Infrastructure & Security

  • Cloud provider — AWS, with primary deployment in
    the af-south-1 (Cape Town) region and disaster-recovery in eu-west-1
    (Ireland).
  • Information security — ISO 27001-certified
    Information Security Management System; alignment with NIST
    Cybersecurity Framework v2.0; quarterly external penetration testing;
    annual third-party SOC 2 Type II audit.
  • Privacy & data protection — full POPIA
    (South Africa) and Data Protection Act, 2018 (Botswana) compliance;
    appointed Information Officer; data-minimisation by design.

8.3 Operating KPIs (Target Steady-State Year 5)

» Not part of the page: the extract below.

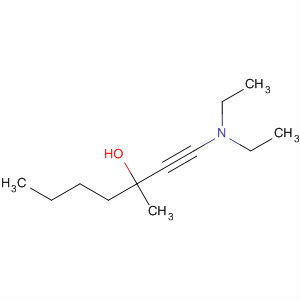 Molecular Structure of 137935-95-6 (1-Heptyn-3-ol, 1-(diethylamino)-3-methyl-)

Operating KPI Year 1 Year 5 Industry Benchmark
Straight-through claims (motor, < ZAR 25k) 50% 85% Industry: 40-60%
Average claim cycle time (motor own damage) 12 days 5 days Industry: 10-15 days
Quote-to-bind conversion rate 18% 26% Direct industry: 18-22%
Self-service transaction rate 55% 82% Industry: 35-55%
Net Promoter Score (transactional) +25 +50 Industry: +10 to +35
First-Call Resolution (contact centre) 75% 88% Industry: 70-85%
Policy-administration headcount per 10,000 policies 12 5 Industry: 8-15

8.4 Vendor & Reinsurer Ecosystem

Critical third-party relationships are summarised below. All vendor
engagements will be governed by formal Operational Risk Management
policies, including a tiered vendor classification (Tier 1:
business-critical; Tier 2: significant; Tier 3: standard) with
corresponding due-diligence, contractual, and ongoing-monitoring
requirements.

Vendor Category Provider Type Role
Cloud infrastructure AWS / Azure Compute, storage, networking; AWS preferred for African region presence
Policy admin core Sapiens / OWLS / Root Configurable rating, policy & claims management
Reinsurer panel Munich Re / Swiss Re / Hannover Re / Africa Re Proportional and excess-of-loss programmes
Credit & risk data TransUnion / Experian Credit-based rating factors
Telematics Cambridge Mobile Telematics / Octo Smartphone-first UBI scoring engine
Payment & collections DebiCheck / Stripe / Adumo Premium debit-order and card collections
KYC / sanctions screening ThomsonReuters / Refinitiv Customer onboarding due-diligence
Vehicle data eNaTIS / Lightstone Vehicle valuation, write-off, and ownership history

8.5 Headcount Plan

Function Year 1 Year 2 Year 3 Year 4 Year 5
Executive & Group functions 12 14 16 18 20
Underwriting, Actuarial & Product 18 26 34 42 48
Claims operations 25 55 115 180 245
Technology & Data 42 62 85 105 118
Marketing & Growth 15 26 38 48 55
Contact centre (sales & service) 60 145 295 445 560
Risk, Compliance, Legal & Audit 10 14 20 26 30
Botswana team 0 0 12 22 32
Total Headcount 182 342 615 886 1,108

Confidential — this business plan is provided to prospective investors and lenders for evaluation purposes only and may not be reproduced or distributed without the written consent of Nimbus Direct Insurance Group (Pty) Ltd.